What is required -> Apart from the pictures, every entry should be reproduced exactly.

(Pictures with short captions)
--- START ---
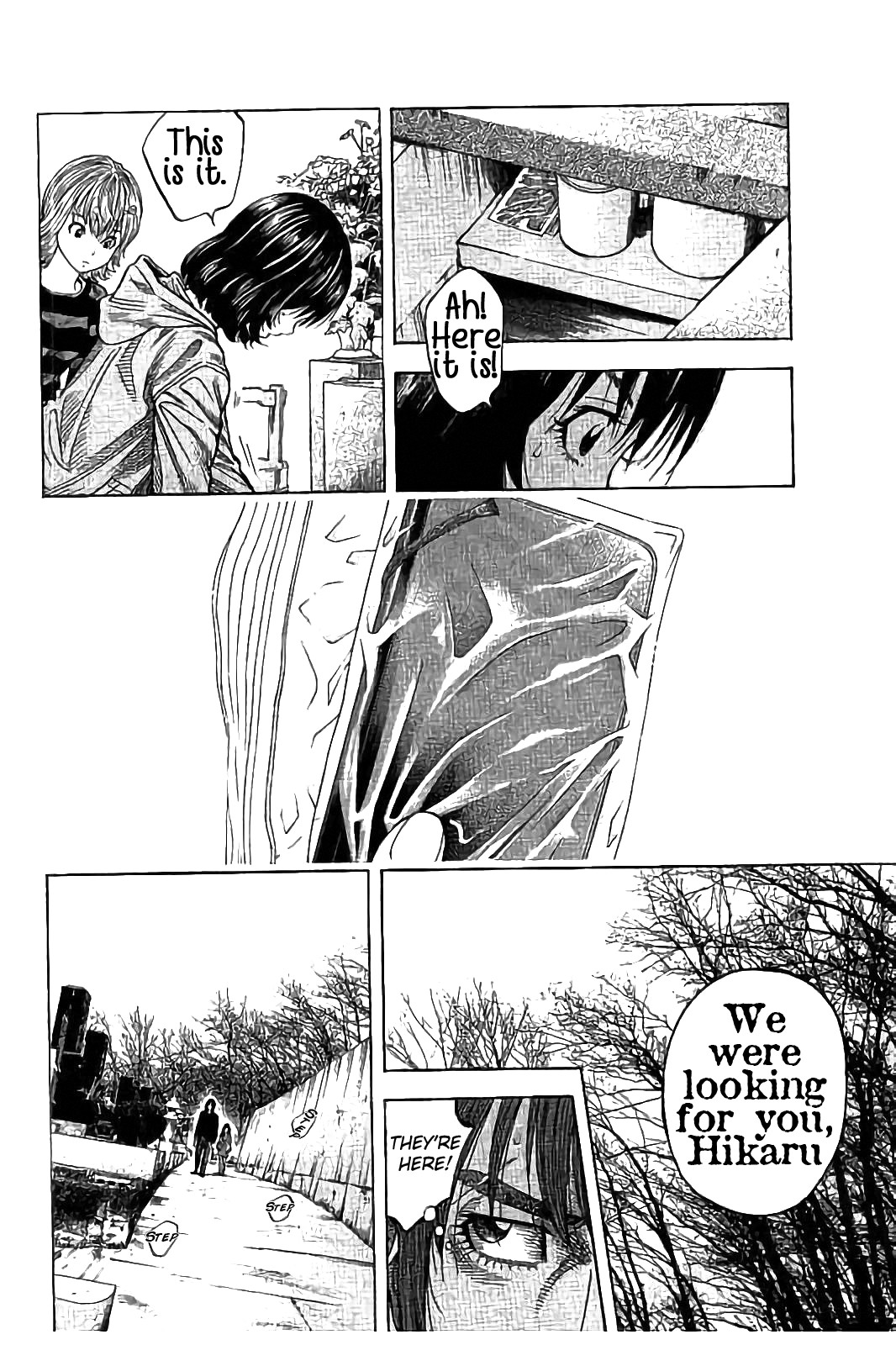 Kudan no Gotoshi Chapter 29 page 10 - Chapter 29: Hikaru Tsujimoto < Part 6 > Chizuru Sakurai < Part 5 >
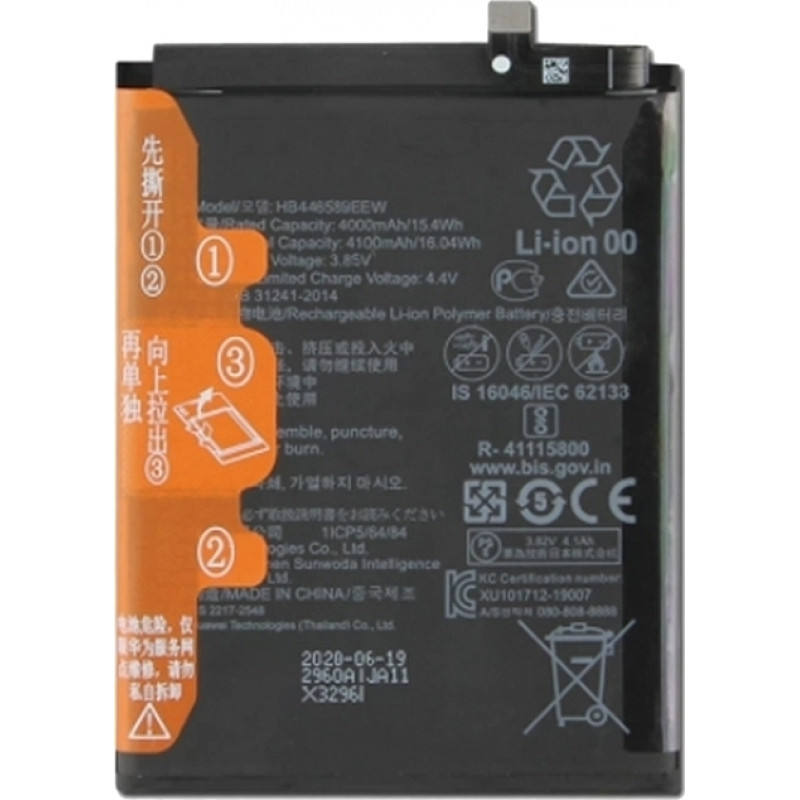 Συμβατή Μπαταρία Huawei Hb476489efw Αντικατάστασης 4300mah για Huawei Nova 9 Honor 50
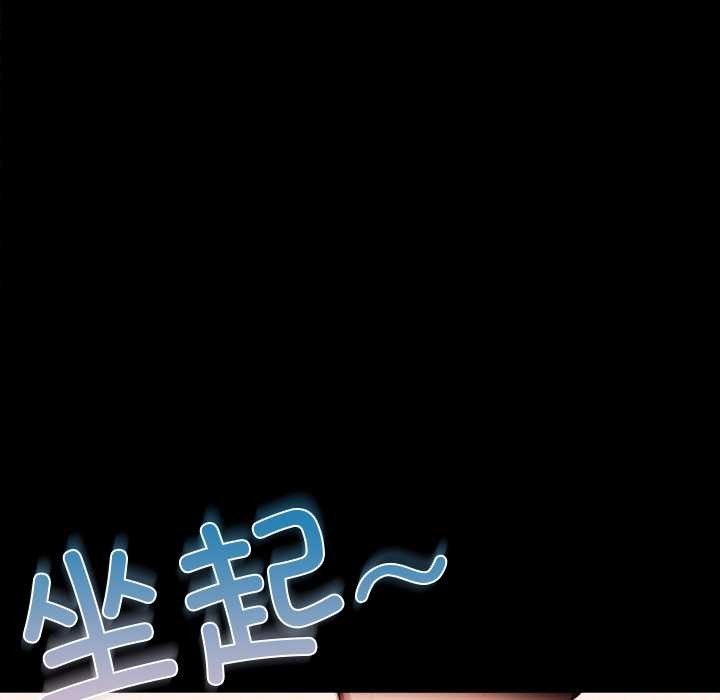 償不盡的債第1話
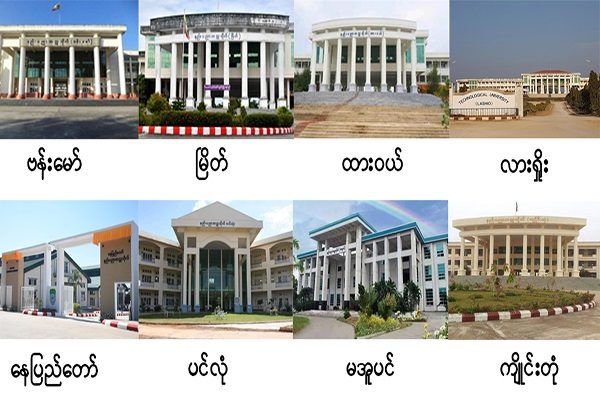 လာမယ့် နိုဝင်ဘာလမှာ စတင်ဖွင့်လှစ်မယ့် Polytechnic University (၈) ခု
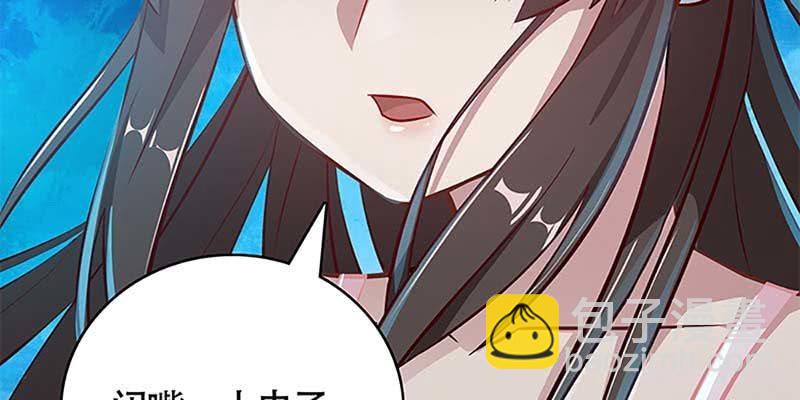 《诱爱小狐仙》与罪魁祸首的正面冲突 第50页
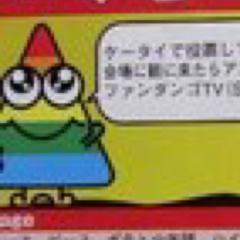 りのP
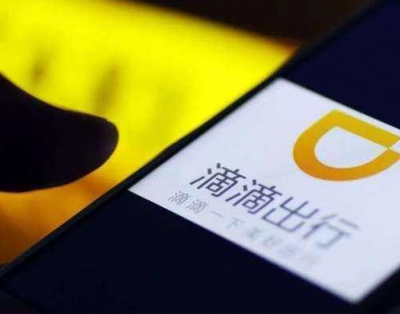 滴滴顺风车公布整改措施：去掉个人隐私信息的显示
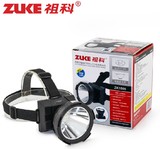 祖科ZK1695 头戴式强光夜钓可充电5W头戴手电户外LED探照灯锂电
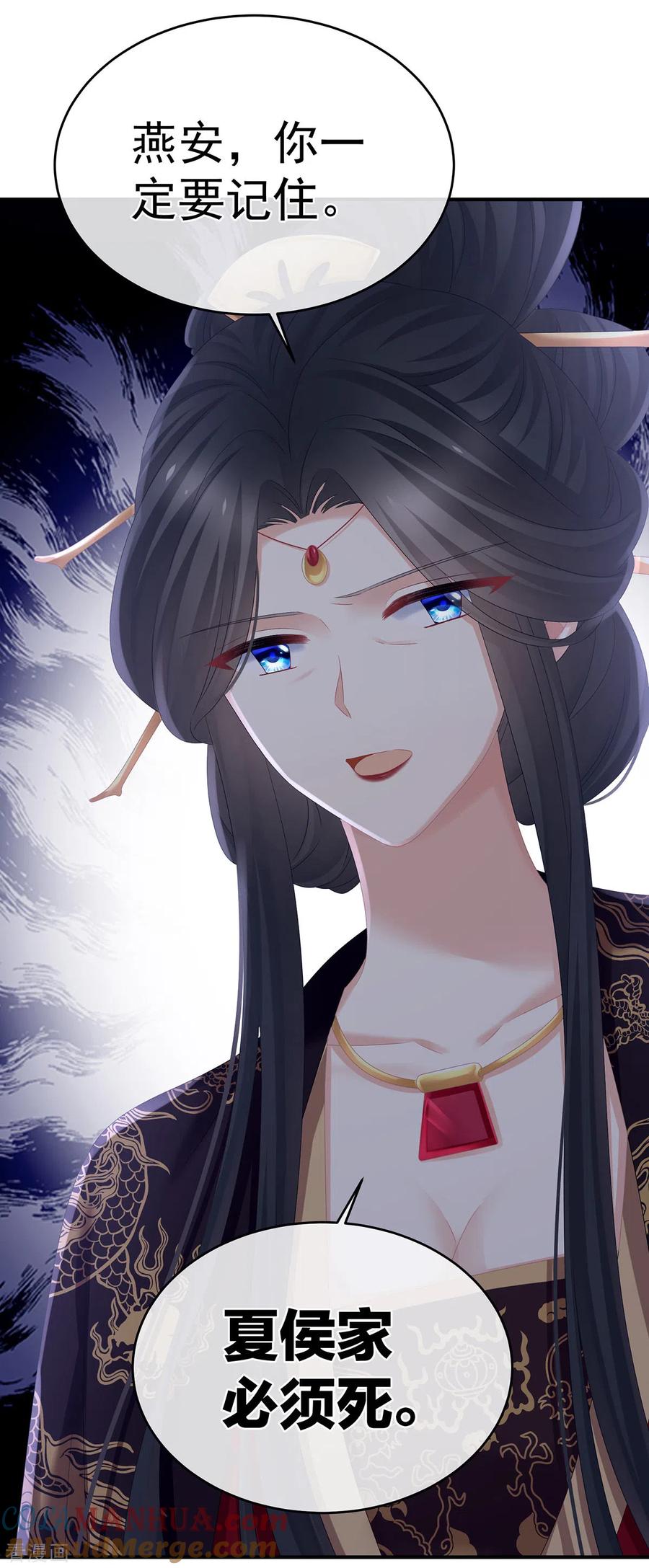 《女帝的后宫》第310话 都是你一味纵着他 第13页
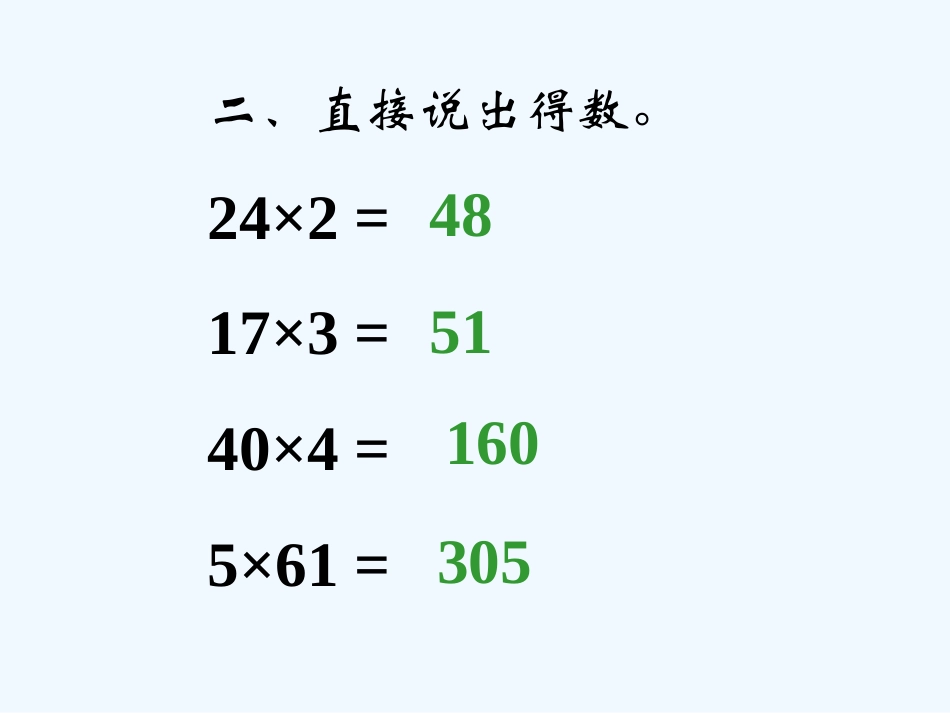 小学数学北师大2011课标版三年级北师大三年级下册-找规律_第3页
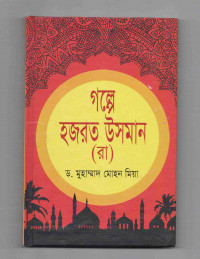Image of গল্পে হযরত উসমান (রা:)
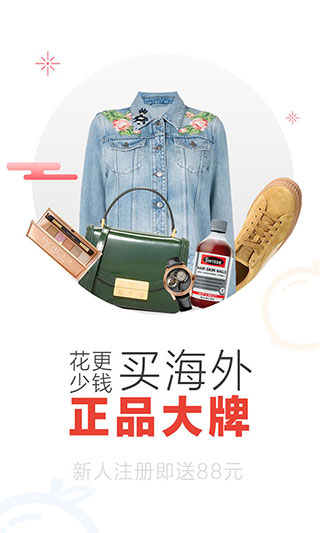冰冰购1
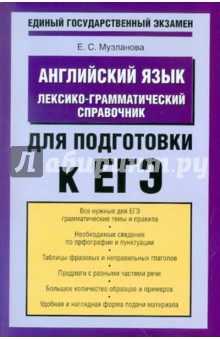 ЕГЭ-11. Английский язык. Лексико-грамматический справочник для подготовки к ЕГЭ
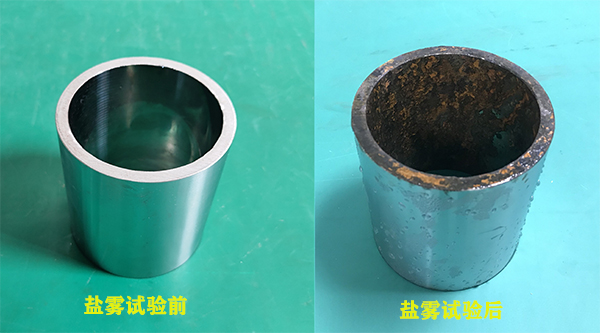 某樣品鹽霧腐蝕試驗(yàn)前后對比照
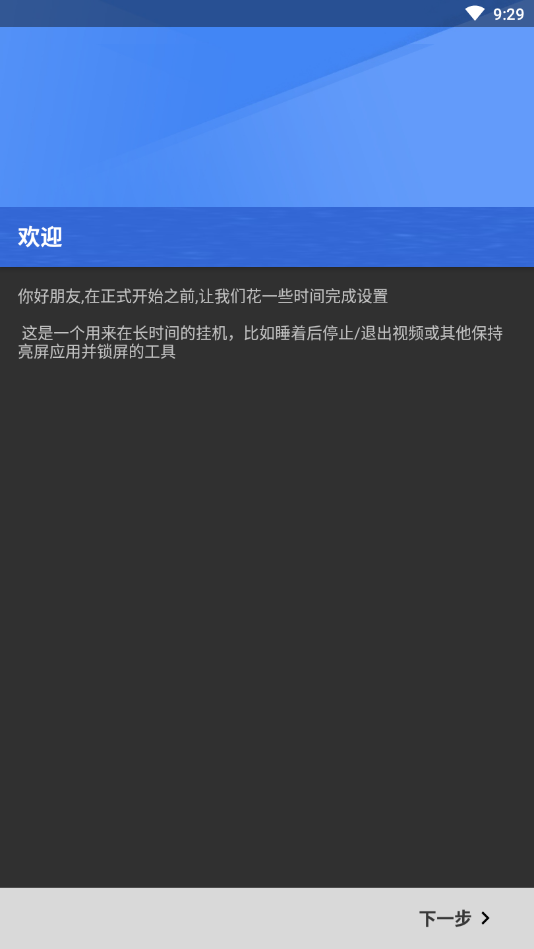 睡了吗(自动锁屏) v0.5截图1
--- END ---
Solution for this exercise ->
 Kudan no Gotoshi Chapter 29 page 10 - Chapter 29: Hikaru Tsujimoto < Part 6 > Chizuru Sakurai < Part 5 >
 Συμβατή Μπαταρία Huawei Hb476489efw Αντικατάστασης 4300mah για Huawei Nova 9 Honor 50
 償不盡的債第1話
 လာမယ့် နိုဝင်ဘာလမှာ စတင်ဖွင့်လှစ်မယ့် Polytechnic University (၈) ခု
 《诱爱小狐仙》与罪魁祸首的正面冲突 第50页
 りのP
 滴滴顺风车公布整改措施：去掉个人隐私信息的显示
 祖科ZK1695 头戴式强光夜钓可充电5W头戴手电户外LED探照灯锂电
 《女帝的后宫》第310话 都是你一味纵着他 第13页
 小学数学北师大2011课标版三年级北师大三年级下册-找规律_第3页
Image of গল্পে হযরত উসমান (রা:)
冰冰购1
 ЕГЭ-11. Английский язык. Лексико-грамматический справочник для подготовки к ЕГЭ
 某樣品鹽霧腐蝕試驗(yàn)前后對比照
 睡了吗(自动锁屏) v0.5截图1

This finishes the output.